Let’s look at the foundation you need to understand regular expression well.

Programs that Utilize Regexp

Perhaps the most obvious program that uses regular expressions — or regexps, for short — is grep. This is a simple program that takes a regexp and one or more file names (unless you want to read from standard input). By default, it prints any lines that match the regexp. Like I said, simple, but powerful and one of the most used command line tools which is why I use it as the example in this article.

But grep isn’t the only program that uses regular expressions. Awk, sed, Perl, editors like VIM and emacs, and many other programs can use regular expressions for pattern matching. And because regexp is so common you will see it pop up in user settings and even web apps as a way to extend the utility of the applications.

Depending on your system, you may have similar programs like egrep. On my system, egrep is just a wrapper around grep that passes the -E option which changes the kind of regular expression grep parses. For the purpose of this post, I’ll talk about egrep by default.

Character Matching and Classes

Consider this command line:

egrep dog somefile.txt

This would search somefile.txt and match the following lines:

I am a dog.
There is a special dogma involved. 
---dog---

Period as Wildcard

It would not match “Dog” because regexps are case sensitive by default. If that was all there was to it, regexps would not be a very interesting topic. You can use a period as a sort of wildcard that will match any character.
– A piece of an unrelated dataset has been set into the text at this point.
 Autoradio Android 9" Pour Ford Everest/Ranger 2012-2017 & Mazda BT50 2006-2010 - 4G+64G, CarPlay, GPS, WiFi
So the pattern "d.g" would match both “dog” and “dig” (or “d$g” for that matter).

Escape Characters

What happens if you want to match a period, then? You can escape any special character with a backslash. So "d\.g" will match “d.g” and nothing else. However, keep in mind the tool you are using to enter the regular expression might use backslashes, too. For example, consider this session:

There is a gotcha here. The shell interprets \. as a single period. It doesn’t see the backslash are part of the search but as an escape character in the shell itself. To properly pass \. to grep, you have to escape the backslash (\\) as in the second example. Quoting special characters can get tricky and depends on what shell you use. If you use bash, you might want to just enclose your expressions in quotes or double quotes. Even then, the rules about backslashes still apply.

Character Classes

Sometimes you don’t want a single character, but you don’t just want any character, either. That’s where character classes come in. For example:

egrep [XYZ][0-9][0-9][0-9]V afile.txt

This will select strings like “X000V” or “Z123V”. It is common to use these to allow case insensitivity (for example, [aA] or [a-zA-Z]).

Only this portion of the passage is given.